During my postdoc, I’ve done research involving the mathematical objects called Drinfeld modules (wiki, general reference explaining their importance in the context of more well known number theory). Upon learning about Drinfeld modules, I learned that they have a theoretical application to the very practical area of math known as coding theory. (Warning: in coding theory the word code does not mean the same thing as in computer science.) Interested in learning practical math that’s applied using computer science, I decided to learn exactly how Drinfeld modules are used in coding theory in hopes of programming codes that use Drinfeld modules.

It turns out that programming codes that use Drinfeld modules is a bit more complicated than I initially hoped. While possible, these codes require a lot of technical mathematics groundwork be programmed, and so I’ve decided to put off that goal for now.

On the other hand, while learning the basics of coding theory I did program two canonical examples of codes, the Hamming codes and Reed-Solomon codes. This post and my following two posts are write ups that build coding theory from the ground up in order to understand the scripts I wrote for Hamming codes and Reed-Solomon codes which can be found here.

In writing the posts, I’ve assumed the reader is familiar with linear algebra over finite fields (one only really needs to be familiar with linear algebra over the prime field $\mathbb F_p = \mathbb Z/p\mathbb Z$), and for the Reed-Solomon codes post, polynomials over finite fields.

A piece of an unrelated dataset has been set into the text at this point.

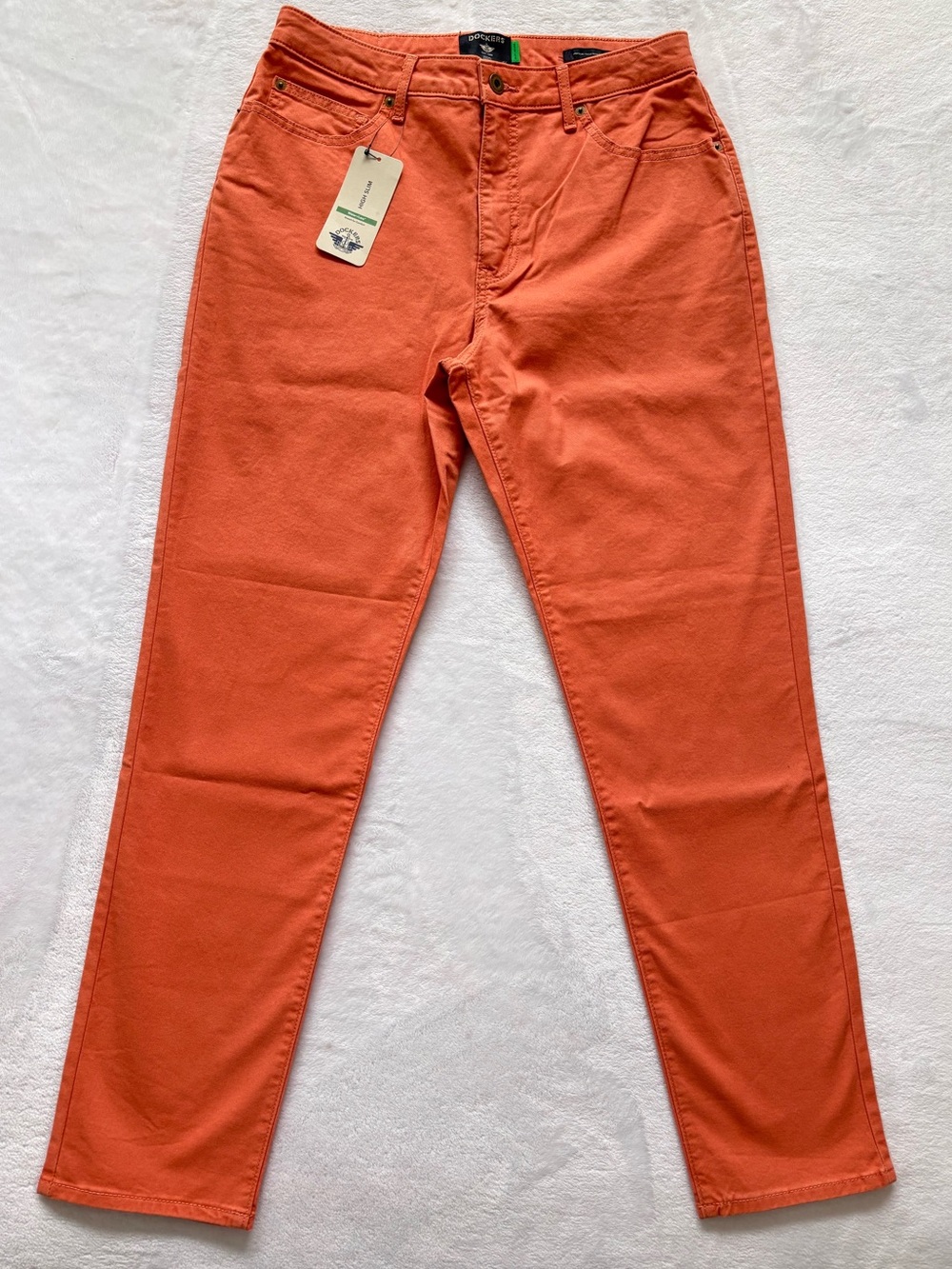 DOCKERS Slim Fit High Rise Jean-Cut Dusted Clay Khakis--NWT--30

Otherwise, everything is fleshed out and explained. In this first, post I lay the mathematical framework of coding theory.

Motivation

Suppose you are communicating through an unstable channel where when you send information, the information is corrupted and changed in some way. Coding theory tries to determine under these circumstances the best way to encode the information and send it through the channel such that after corruption the original information can be recovered.

For example, say that you want to send a message that consists of letters, and you know that no matter what letters you send through the channel, one in every three letters is changed. One way to encode the message would be to send every letter twice. Upon receiving the message, one can tell with high probability which letters were changed because they would be the pairs of letters sent that do not match. An issue with this scheme is that it is not clear what the correct letter is when the two letters do not match. To correct this, you could send each letter three times. Now for each triplet of letters, two are the same and one is different, so you know that the two letters that are the same give you the letter in the original message.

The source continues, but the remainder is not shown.